Data items
----------------

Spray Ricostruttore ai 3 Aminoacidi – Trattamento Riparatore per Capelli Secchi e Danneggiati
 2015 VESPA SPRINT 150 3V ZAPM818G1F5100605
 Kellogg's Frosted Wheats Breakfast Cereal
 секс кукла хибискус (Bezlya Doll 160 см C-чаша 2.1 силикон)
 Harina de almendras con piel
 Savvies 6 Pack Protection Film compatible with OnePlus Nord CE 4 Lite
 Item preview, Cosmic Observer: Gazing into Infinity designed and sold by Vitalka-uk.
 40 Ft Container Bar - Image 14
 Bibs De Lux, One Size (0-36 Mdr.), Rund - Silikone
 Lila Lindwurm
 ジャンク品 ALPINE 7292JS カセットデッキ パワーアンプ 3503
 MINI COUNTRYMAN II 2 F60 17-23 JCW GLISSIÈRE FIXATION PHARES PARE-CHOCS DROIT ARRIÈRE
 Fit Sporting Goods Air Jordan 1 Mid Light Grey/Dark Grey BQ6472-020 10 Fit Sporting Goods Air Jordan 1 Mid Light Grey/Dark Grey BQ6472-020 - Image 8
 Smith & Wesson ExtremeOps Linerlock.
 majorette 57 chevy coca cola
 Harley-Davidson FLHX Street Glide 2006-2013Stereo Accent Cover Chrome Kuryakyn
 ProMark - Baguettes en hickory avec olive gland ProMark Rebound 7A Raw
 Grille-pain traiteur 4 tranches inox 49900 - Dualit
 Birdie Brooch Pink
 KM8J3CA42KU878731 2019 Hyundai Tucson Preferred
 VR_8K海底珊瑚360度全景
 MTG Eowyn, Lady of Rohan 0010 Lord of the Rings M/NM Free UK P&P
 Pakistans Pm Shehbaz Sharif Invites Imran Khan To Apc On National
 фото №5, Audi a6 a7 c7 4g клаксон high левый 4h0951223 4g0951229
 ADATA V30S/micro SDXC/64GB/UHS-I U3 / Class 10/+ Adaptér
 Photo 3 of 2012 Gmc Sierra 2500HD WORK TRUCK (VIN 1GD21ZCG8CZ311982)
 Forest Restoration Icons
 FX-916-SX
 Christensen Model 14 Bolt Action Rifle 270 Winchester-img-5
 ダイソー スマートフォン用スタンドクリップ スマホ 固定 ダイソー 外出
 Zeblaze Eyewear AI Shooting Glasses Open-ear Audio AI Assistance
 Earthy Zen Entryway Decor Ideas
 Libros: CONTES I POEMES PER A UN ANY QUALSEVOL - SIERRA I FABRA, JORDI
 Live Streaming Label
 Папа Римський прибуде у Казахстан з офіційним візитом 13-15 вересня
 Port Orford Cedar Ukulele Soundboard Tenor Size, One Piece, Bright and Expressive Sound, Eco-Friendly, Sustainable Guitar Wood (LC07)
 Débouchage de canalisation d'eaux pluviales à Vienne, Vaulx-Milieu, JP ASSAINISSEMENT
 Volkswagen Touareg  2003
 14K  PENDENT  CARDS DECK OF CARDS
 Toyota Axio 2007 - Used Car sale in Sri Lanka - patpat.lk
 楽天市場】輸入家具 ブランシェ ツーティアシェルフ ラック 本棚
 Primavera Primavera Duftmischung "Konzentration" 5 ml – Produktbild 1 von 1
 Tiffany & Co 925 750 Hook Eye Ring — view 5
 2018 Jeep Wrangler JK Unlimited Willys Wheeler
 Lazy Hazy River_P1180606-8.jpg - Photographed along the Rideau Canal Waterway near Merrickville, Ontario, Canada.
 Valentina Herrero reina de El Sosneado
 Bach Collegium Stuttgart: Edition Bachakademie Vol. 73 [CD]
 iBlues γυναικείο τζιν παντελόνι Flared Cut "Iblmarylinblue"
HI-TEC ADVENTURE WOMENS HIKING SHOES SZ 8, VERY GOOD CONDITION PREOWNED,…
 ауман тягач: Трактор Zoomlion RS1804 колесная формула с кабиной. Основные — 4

----------------

## What you have to do
Set down again, word for word, the stretch of records from the line with "VR_8K海底珊瑚360度全景" to the line with "Port Orford Cedar", both of those lines included.

## Finished exercise
 VR_8K海底珊瑚360度全景
 MTG Eowyn, Lady of Rohan 0010 Lord of the Rings M/NM Free UK P&P
 Pakistans Pm Shehbaz Sharif Invites Imran Khan To Apc On National
 фото №5, Audi a6 a7 c7 4g клаксон high левый 4h0951223 4g0951229
 ADATA V30S/micro SDXC/64GB/UHS-I U3 / Class 10/+ Adaptér
 Photo 3 of 2012 Gmc Sierra 2500HD WORK TRUCK (VIN 1GD21ZCG8CZ311982)
 Forest Restoration Icons
 FX-916-SX
 Christensen Model 14 Bolt Action Rifle 270 Winchester-img-5
 ダイソー スマートフォン用スタンドクリップ スマホ 固定 ダイソー 外出
 Zeblaze Eyewear AI Shooting Glasses Open-ear Audio AI Assistance
 Earthy Zen Entryway Decor Ideas
 Libros: CONTES I POEMES PER A UN ANY QUALSEVOL - SIERRA I FABRA, JORDI
 Live Streaming Label
 Папа Римський прибуде у Казахстан з офіційним візитом 13-15 вересня
 Port Orford Cedar Ukulele Soundboard Tenor Size, One Piece, Bright and Expressive Sound, Eco-Friendly, Sustainable Guitar Wood (LC07)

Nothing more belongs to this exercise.